If you are looking for a challenging and rewarding career in the healthcare field, you may be thinking about how to become a nurse. Nurses are an important part of a team of medical professionals, and their work may include performing physical exam and recording a patient’s health history. They also counsel patients and educate them about a variety of health concerns, administer medications and conduct research to improve practice and patient outcomes.

Nurses work in a variety of settings, including hospitals, clinics, community health centers, nursing homes, schools and in the military. They may also work at camps, in prisons, homeless shelters or in tourist destinations. Some nurses choose to work at various locations on a short-term, temporary basis, and these travel nurses can see the country or get international work experience while being well paid for their efforts.

Education Required to Become a Nurse

You can start the education process to become a nurse by taking math and science courses in high school. Algebra, geometry, biology, chemistry, physics and computer science should be part of your course load. You will also need to take English, social studies and a foreign language.
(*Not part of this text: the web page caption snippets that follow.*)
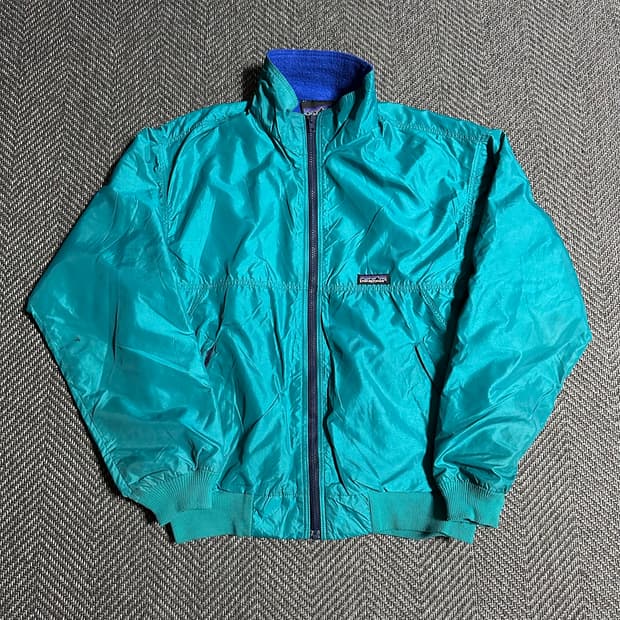 90s Patagonia Shelled Synchilla 자켓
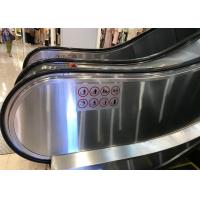 Quality 30 / 27.3 Degrees Heavy Duty Escalator Type 1000 Glass / St. St. Panel for sale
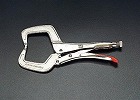 ０‐４０ｍｍ／２８０ｍｍ　溶接用ロッキングプライヤー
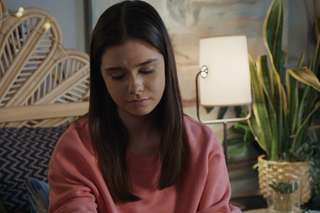 M jak miłość, odcinek 1728: Basia (Karina Woźniak)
After completing high school, you can choose an Associate degree in Nursing or Bachelor of Science in Nursing (BSN) program. Associate degree programs are offered at community colleges and take between two and three years. A Bachelors degree program will take four years of study at a university to complete and will prepare you for administrative and leadership positions.

The curriculum for an Associate degree program would include the following

• Anatomy and Physiology
• Basic Nutrition
• Critical Care and Emergency Nursing
• Fundamentals in Nursing
• Maternal-Newborn Nursing
• Mental Health Nursing
• Pathophysiology
• Pediatric Nursing
• Pharmacology
• Psychology
• Sociology

Students who choose to pursue a BSN would take courses in:

• Clinical Nursing Foundations
• College Algebra
• Developmental Psychology
• Health of the Older Adult
• Human Physiology and Anatomy
• Nurse as Care Provider
• Nursing Care of Children
• Nursing Care of Clients with Alterations in Mental Health
• Nursing Care of Families During Childbearing Phase
• Nursing Care of Populations and Communities
• Nursing Research
• Trends and Issues in Professional Nursing Theory

Licensing Exam for Nurses

Each state has its own requirements for licensing nurses. You will need to complete an accredited educational program and pass a criminal background check before you will be authorized to write the national licensing exam. Some states allow graduates from a nursing program to work in a supervised capacity while they are waiting to write the National Council Licensing Examination (NCLEX), and it’s a good idea to ask about whether you can get an interim permit in the state where you are planning to work.

You will need to apply to the state board of nursing and pay a fee before you will be allowed to write the NCLEX. Most of the questions on the exam are multiple choice, but you may also be asked to calculate the correct dosage of a medication and input the answer or arrange the steps for a procedure into the correct order as part of the exam.

When you are thinking about how to become a nurse, keep in mind that you will need to pass a licensing exam as well as complete a post-secondary nursing program to qualify for this job.